When my sister and I were younger, we did the Disney parks in Orlando, Florida. We did a different park almost every year. Disney is actually pretty accessible. They do all they can for people with disabilities. People with disabilities and their families are automatically moved to the front of the lines. I don’t agree with this policy for the most part. It made my family and I feel a little embarrassed when we were escorted to the front of lines when sometimes literally hundreds of people had been waiting hours for a ride or an attraction. We didn’t feel right that just we got to go first just because I have a disability.
In recent years, Disney has come under scrutiny regarding the policy. They’ve had issues with identifying people with disabilities and some people faking having a disability just so they could get to the front of the lines. I believe there are some special circumstances where people should be granted the privilege of being at the front of the line. When an individual is terminally ill and time is literally of essence, I believe they shouldn’t have to wait in lines. I also think that there some unique circumstances when people have a very hard time waiting because of their intellectual disability. I’m not sure how Disney (and other theme parks) can police this. Maybe people get a note from their doctor and then get a card when they arrive at the park that identifies that they need that privilege. That’s just my idea.

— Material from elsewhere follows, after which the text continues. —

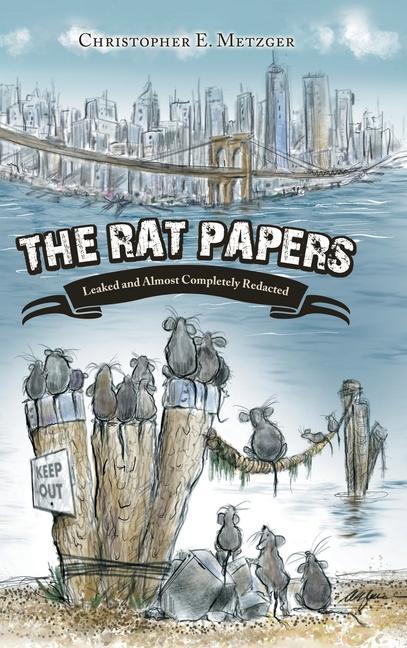 Knjiga Rat Papers Metzger Christopher E. Metzger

My family loves to go to Wisconsin Dells. We love to swim. Waterparks aren’t very wheelchair friendly. We went to Family Land (now Mount Olympus) quite often when we were little. It was less hilly and a little bit more accessible than Noah’s Ark. The wave pool and lazy river are my favorite! The waterslides are really hard to access. There are usually steep hills and stairs up to them. I remember when I was really little, a few times my dad carried me up, handed me to my mom, he went down first so he could catch me when I came down with mom, and then I went down on mom’s lap. That only happened a few times though because it took a lot to get me up there. I absolutely love the wave pool because I can sit in an inner tube by myself and ride the waves. Someone has to be right next to me in case the tube flips, but I just love it! My parents and I recently went to Mount Olympus again for the first time in 10 or 15 years. I was surprised that the accessibility hasn’t improved much. In fact, in my opinion, it has gotten worse from how it was years ago. Sure, they have accessible restrooms and changing rooms, but with all the new attractions and rides they’ve added (very few of which I could enjoy), it’s much more hilly and hard to get around.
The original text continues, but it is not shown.